After the war the rate of change accelerated. Anti-trust suits broke up the large companies and forced them to sell their theaters. And television began to keep the public at home. The movie industry responded with attempts at expanding the medium to attract new interests: 3-D, CinemaScope, Technicolor; and it continues to experiment: quadraphonic sound, sensurround, holographic images, and giant leaps in special effects have been tried.

However, in responding to competition from television, the use and type of subject matter has taken precedence over the development of technology. The movie makers have thought it necessary to give the public something that cannot be beamed into private living rooms. The results have been increased depiction of explicitness in sex and violence. Both sex and violence have been staples of the movies since the beginning, but the contemporary cinema has found new methods of enticing the public with them.

As the major Hollywood studios began to lose their domination of the American movie industry and turn their attention to television production, the leadership was taken up by independent producers and directors, making their own films and then distributing them through the networks originally established by the Hollywood companies. Stanley Kubrick, Robert Altman, Arthur Penn, Peter Bogdanovich, and Francis Ford Coppola have provided America with a new group of filmmakers, men who have demonstrated a certain independence of subject and method. Part of the void left by the diminishing importance of Hollywood has been filled by foreign filmmakers whose films have been greeted with enthusiasm by American audiences. Ingmar Bergman, François Truffaut, and Federico Fellini have dominated, but for the first time countries outside of Europe have begun to leave their mark. Japan has been especially productive.

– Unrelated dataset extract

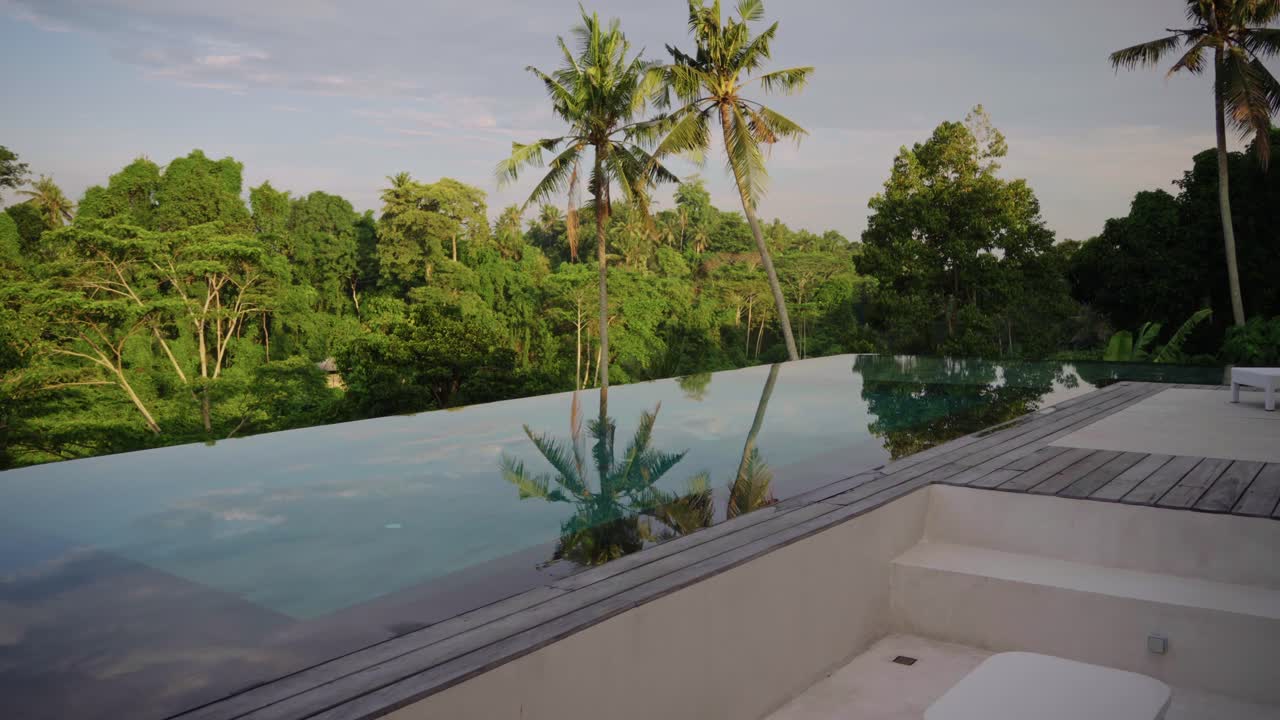 Tropical sunken lounge with wooden planks, blending natural elements and modern design on an infinity pool surrounded by lush jungle greenery and peacful views in the heart of Ubud, Bali.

Perhaps, however, the most important change in movies in recent years has been in the audience. By no means the number of people who went to the movies in the late 1930s still do, but those who do go are younger and more knowledgeable about film. They read the books, subscribe to film journals, watch filmed interviews with movie people on television, and read daily reviews. Many in today's audience are college-educated and have taken film courses while in school; they can talk intelligently about montage, jump cuts, and fade outs. It is for this audience that Scenes from a Marriage is imported from Europe and Star Wars is made.